### [What you should do]
Reproduce exactly, and only, the lines of the material below running from the line bearing "OC15858 Rhode Island License Plate" through the line bearing "Retevis H777D Walkie". Leave any pictures out.

### [Material shown]
>>>>

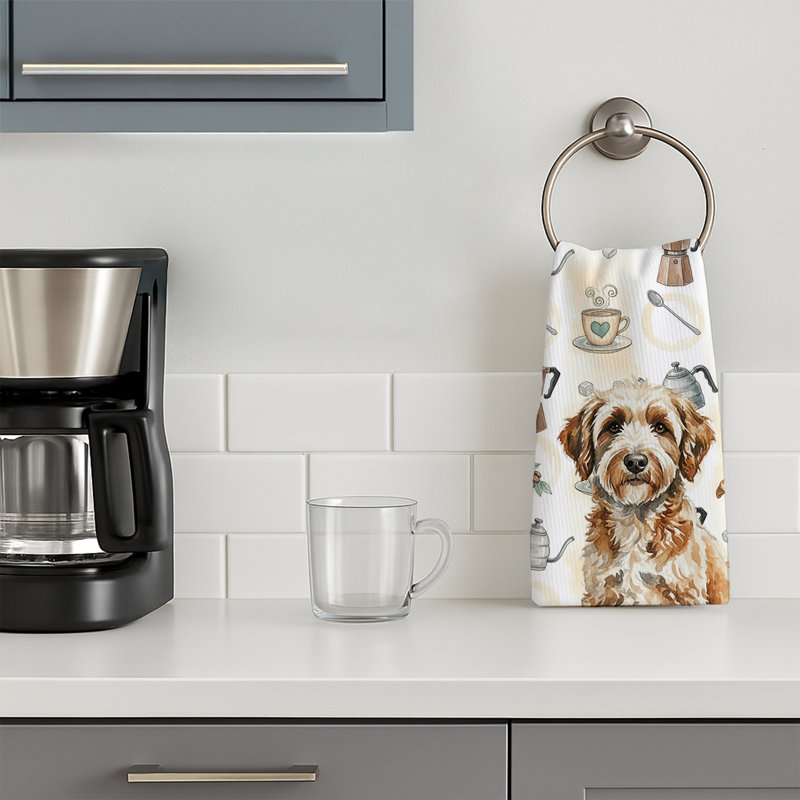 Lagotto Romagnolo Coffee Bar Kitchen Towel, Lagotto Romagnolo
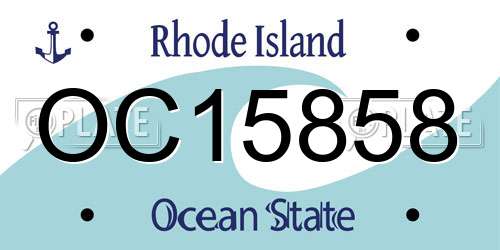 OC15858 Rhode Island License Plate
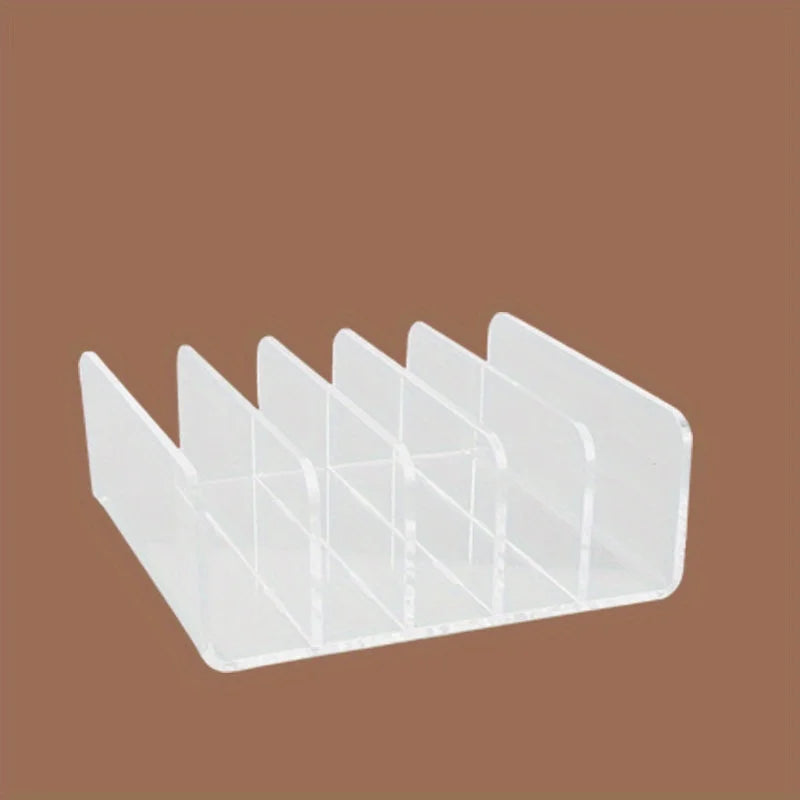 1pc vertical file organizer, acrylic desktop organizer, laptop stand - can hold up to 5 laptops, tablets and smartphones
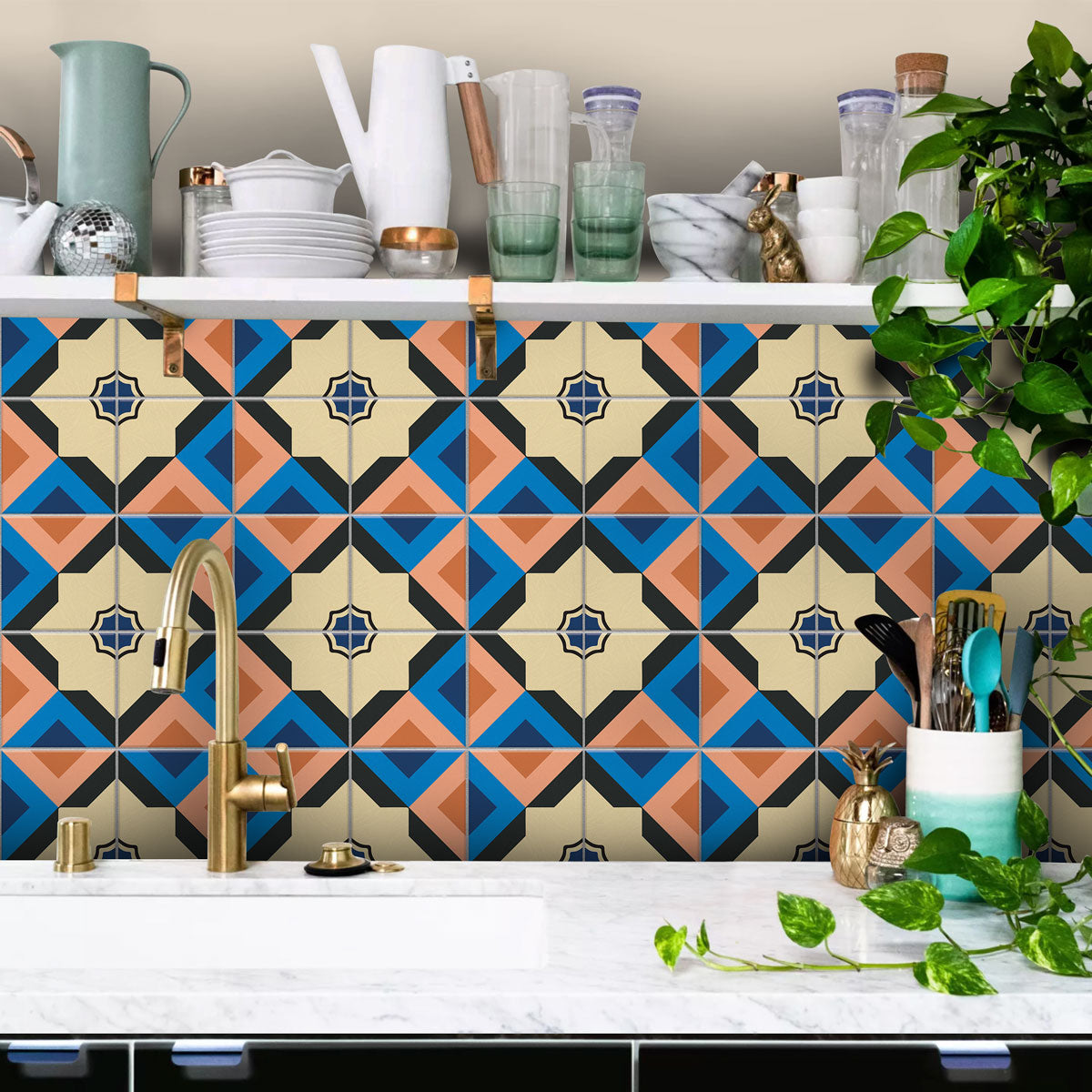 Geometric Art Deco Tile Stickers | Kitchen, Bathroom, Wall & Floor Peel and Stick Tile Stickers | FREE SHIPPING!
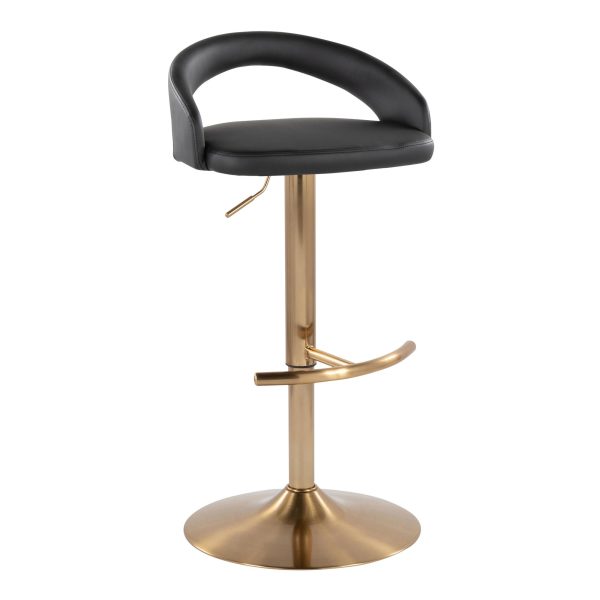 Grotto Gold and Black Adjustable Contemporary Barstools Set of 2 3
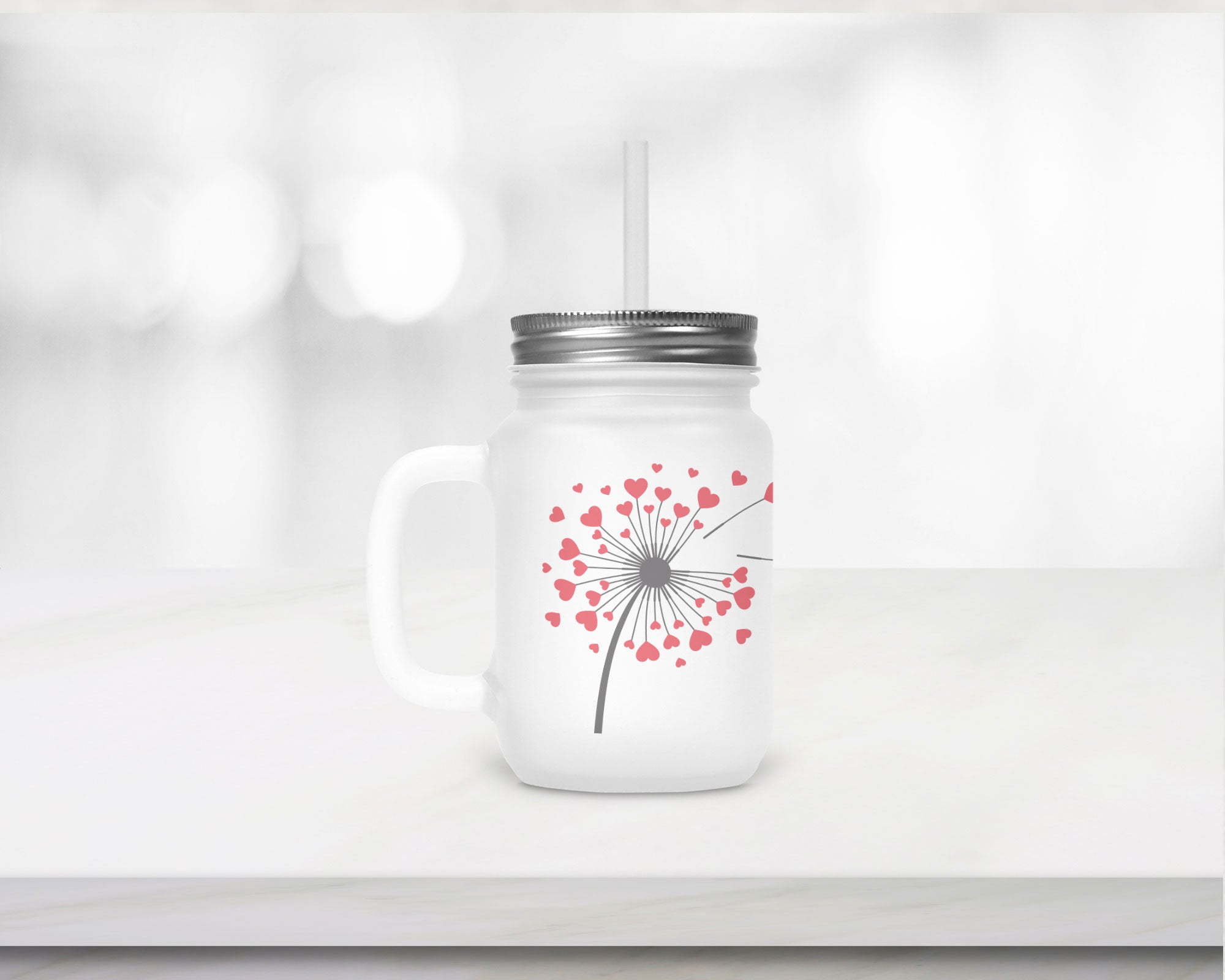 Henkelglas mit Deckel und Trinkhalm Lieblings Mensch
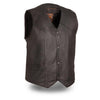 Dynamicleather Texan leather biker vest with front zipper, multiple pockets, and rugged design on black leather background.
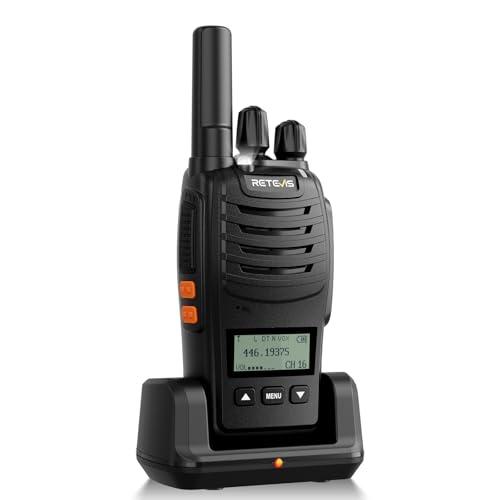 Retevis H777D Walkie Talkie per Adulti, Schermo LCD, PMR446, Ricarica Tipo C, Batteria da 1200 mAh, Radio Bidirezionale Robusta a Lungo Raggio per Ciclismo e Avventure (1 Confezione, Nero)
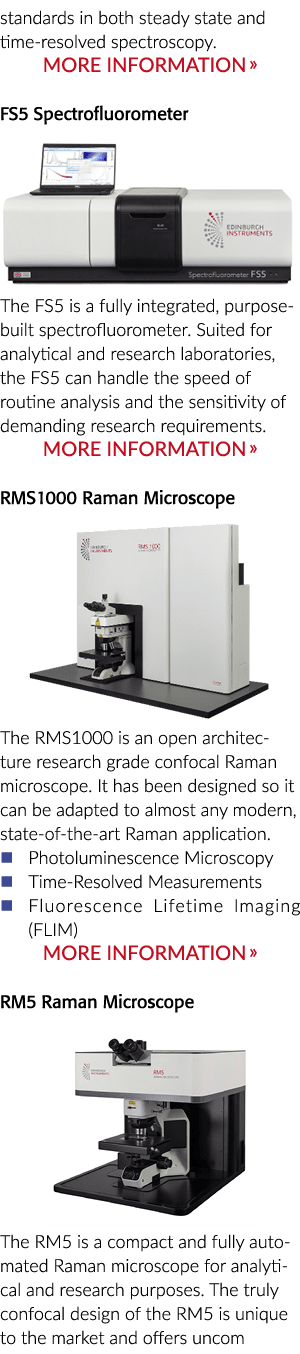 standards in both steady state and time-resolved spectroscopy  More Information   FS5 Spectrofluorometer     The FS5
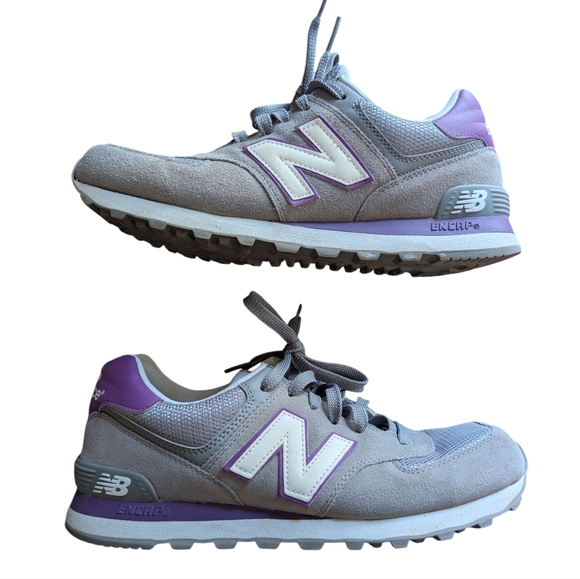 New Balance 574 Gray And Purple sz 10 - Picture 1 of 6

<<<<

### [Solution to the exercise]
 OC15858 Rhode Island License Plate
 1pc vertical file organizer, acrylic desktop organizer, laptop stand - can hold up to 5 laptops, tablets and smartphones
 Geometric Art Deco Tile Stickers | Kitchen, Bathroom, Wall & Floor Peel and Stick Tile Stickers | FREE SHIPPING!
 Grotto Gold and Black Adjustable Contemporary Barstools Set of 2 3
 Henkelglas mit Deckel und Trinkhalm Lieblings Mensch
 Dynamicleather Texan leather biker vest with front zipper, multiple pockets, and rugged design on black leather background.
 Retevis H777D Walkie Talkie per Adulti, Schermo LCD, PMR446, Ricarica Tipo C, Batteria da 1200 mAh, Radio Bidirezionale Robusta a Lungo Raggio per Ciclismo e Avventure (1 Confezione, Nero)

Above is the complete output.